Leitsatz (amtlich)

1. Entstehen Gerichtskosten nach der Anzeige der Masse-Unzulänglichkeit durch den Insolvenzverwalter, so können diese nicht ggü. der Masse angesetzt und vollstreckt werden, wenn der Insolvenzverwalter darlegt und ausreichend nachweist, dass die verfügbare Insolvenzmasse nicht zur vollen Befriedigung aller Neumassegläubiger ausreicht.

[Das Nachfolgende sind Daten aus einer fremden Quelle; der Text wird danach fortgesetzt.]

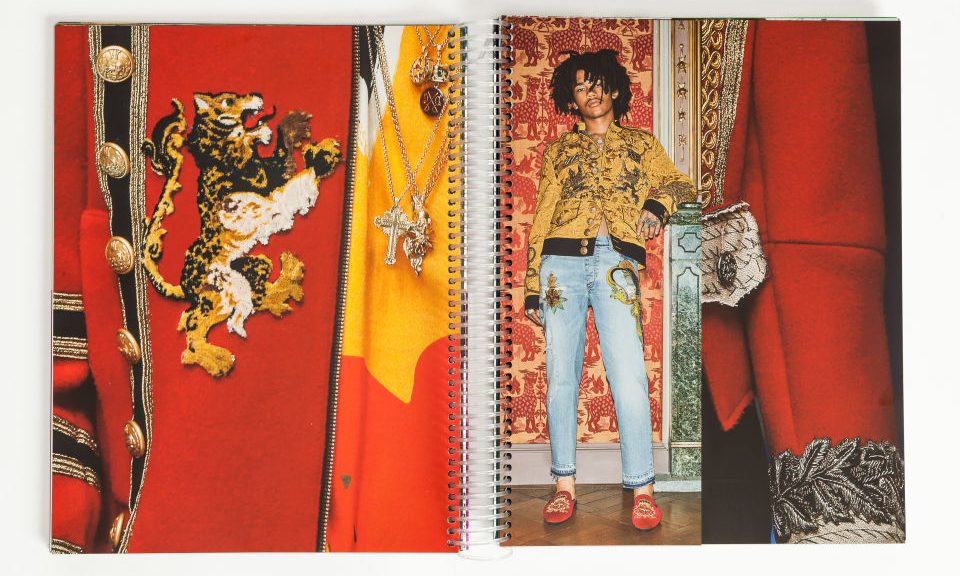 Dolce & Gabbana 出了一本和 “千禧一代” 有关的书
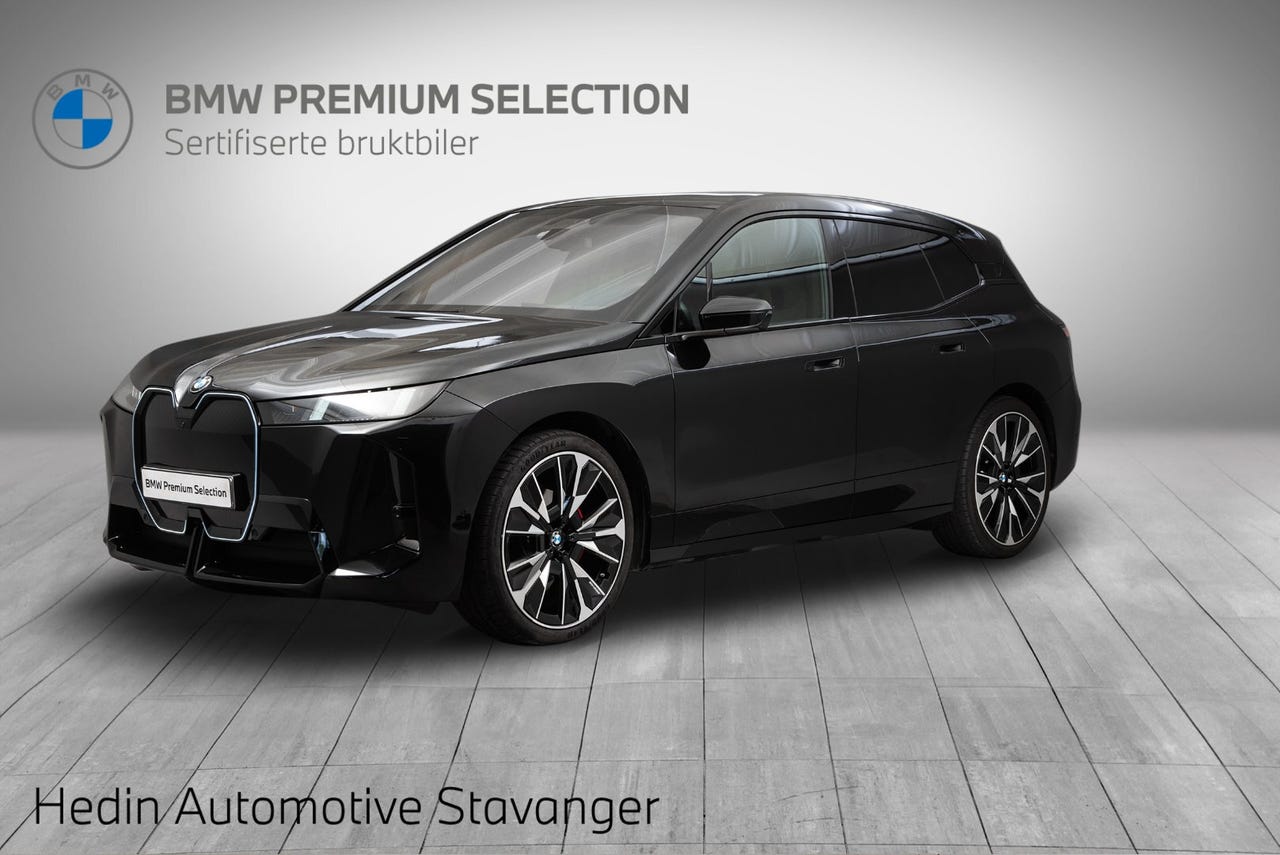 BMW iX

Dies folgt nicht aus dem Vollstreckungsverbot nach § 210 InsO, sondern aus dem Grundsatz der Gleichbehandlung der Gläubiger im Insolvenzverfahren.

2. Der Rechtsprechung des BGH zum Erkenntnisverfahren (NJW 2003, 2456) folgend ist auf die Erinnerung die Kostenrechnung aufzuheben und die Gerichtskostenschuld der Insolvenzmasse lediglich festzustellen (so auch LAG Thür. v. 7.11.2002 - 1 Sa 43/02, LAGReport 2003, 213).

 

Normenkette

InsO §§ 208-210

 

Verfahrensgang

LG Gießen (Aktenzeichen 8 O 68/04)

 

Tenor

Auf die Erinnerung des Klägers wird der Kostenansatz des OLG Frankfurt vom 9.2.2006 - Rechnung Kassenzeichen ... - aufgehoben.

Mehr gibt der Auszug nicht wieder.